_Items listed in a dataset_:

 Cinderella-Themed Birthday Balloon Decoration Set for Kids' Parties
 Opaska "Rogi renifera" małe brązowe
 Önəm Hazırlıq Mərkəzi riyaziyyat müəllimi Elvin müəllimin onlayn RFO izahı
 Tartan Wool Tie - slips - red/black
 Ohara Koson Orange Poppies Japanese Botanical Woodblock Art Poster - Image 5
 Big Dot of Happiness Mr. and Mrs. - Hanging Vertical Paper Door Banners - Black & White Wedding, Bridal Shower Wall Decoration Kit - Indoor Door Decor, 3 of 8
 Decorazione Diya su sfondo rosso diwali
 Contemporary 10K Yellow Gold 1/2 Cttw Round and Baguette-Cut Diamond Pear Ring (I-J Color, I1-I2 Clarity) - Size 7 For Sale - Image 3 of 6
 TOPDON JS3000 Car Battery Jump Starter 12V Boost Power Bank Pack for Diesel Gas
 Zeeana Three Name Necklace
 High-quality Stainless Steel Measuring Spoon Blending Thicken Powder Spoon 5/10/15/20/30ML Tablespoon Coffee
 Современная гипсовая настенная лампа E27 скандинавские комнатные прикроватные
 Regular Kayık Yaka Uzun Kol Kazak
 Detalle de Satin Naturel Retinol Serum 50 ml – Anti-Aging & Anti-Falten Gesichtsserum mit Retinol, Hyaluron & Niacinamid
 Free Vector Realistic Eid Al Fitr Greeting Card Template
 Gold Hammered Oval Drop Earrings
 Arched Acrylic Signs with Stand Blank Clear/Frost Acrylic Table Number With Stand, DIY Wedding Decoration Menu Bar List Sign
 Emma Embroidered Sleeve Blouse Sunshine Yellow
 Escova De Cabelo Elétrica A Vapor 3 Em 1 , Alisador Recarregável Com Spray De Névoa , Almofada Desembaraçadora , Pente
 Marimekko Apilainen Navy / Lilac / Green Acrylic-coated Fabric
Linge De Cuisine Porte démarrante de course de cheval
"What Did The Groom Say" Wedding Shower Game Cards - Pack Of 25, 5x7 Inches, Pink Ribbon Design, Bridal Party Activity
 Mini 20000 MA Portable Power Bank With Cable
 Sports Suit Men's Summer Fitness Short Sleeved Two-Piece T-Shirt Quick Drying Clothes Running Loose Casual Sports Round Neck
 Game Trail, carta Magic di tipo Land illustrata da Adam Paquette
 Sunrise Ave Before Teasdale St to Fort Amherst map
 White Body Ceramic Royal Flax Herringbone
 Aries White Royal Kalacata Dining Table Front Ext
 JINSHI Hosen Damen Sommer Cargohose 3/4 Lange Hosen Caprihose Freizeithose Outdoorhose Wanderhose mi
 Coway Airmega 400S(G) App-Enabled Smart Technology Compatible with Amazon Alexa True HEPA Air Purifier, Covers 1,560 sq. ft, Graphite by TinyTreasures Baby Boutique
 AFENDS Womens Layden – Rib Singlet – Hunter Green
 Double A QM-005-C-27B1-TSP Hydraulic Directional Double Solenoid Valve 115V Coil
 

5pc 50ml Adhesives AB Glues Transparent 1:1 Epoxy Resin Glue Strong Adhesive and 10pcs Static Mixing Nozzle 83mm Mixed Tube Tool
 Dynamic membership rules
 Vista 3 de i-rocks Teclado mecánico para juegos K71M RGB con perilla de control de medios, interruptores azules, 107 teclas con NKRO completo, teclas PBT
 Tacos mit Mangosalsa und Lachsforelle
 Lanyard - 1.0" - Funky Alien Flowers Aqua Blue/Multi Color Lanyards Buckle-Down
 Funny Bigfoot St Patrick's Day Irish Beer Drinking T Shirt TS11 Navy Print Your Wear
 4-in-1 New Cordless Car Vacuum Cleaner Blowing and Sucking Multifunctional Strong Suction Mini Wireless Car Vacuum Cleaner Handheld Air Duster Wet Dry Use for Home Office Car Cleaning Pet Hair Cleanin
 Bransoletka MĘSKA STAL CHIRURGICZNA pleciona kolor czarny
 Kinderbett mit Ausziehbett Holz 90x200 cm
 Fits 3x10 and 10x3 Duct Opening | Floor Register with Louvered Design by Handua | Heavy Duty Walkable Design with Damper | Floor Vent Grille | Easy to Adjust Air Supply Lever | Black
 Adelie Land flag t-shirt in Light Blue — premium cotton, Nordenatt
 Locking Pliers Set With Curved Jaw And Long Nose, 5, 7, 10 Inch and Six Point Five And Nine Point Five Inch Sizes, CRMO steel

_How to complete this task_: For every line in the data above that has the string "Acrylic", return that line.

_Answer to this problem_:
 Arched Acrylic Signs with Stand Blank Clear/Frost Acrylic Table Number With Stand, DIY Wedding Decoration Menu Bar List Sign
 Marimekko Apilainen Navy / Lilac / Green Acrylic-coated Fabric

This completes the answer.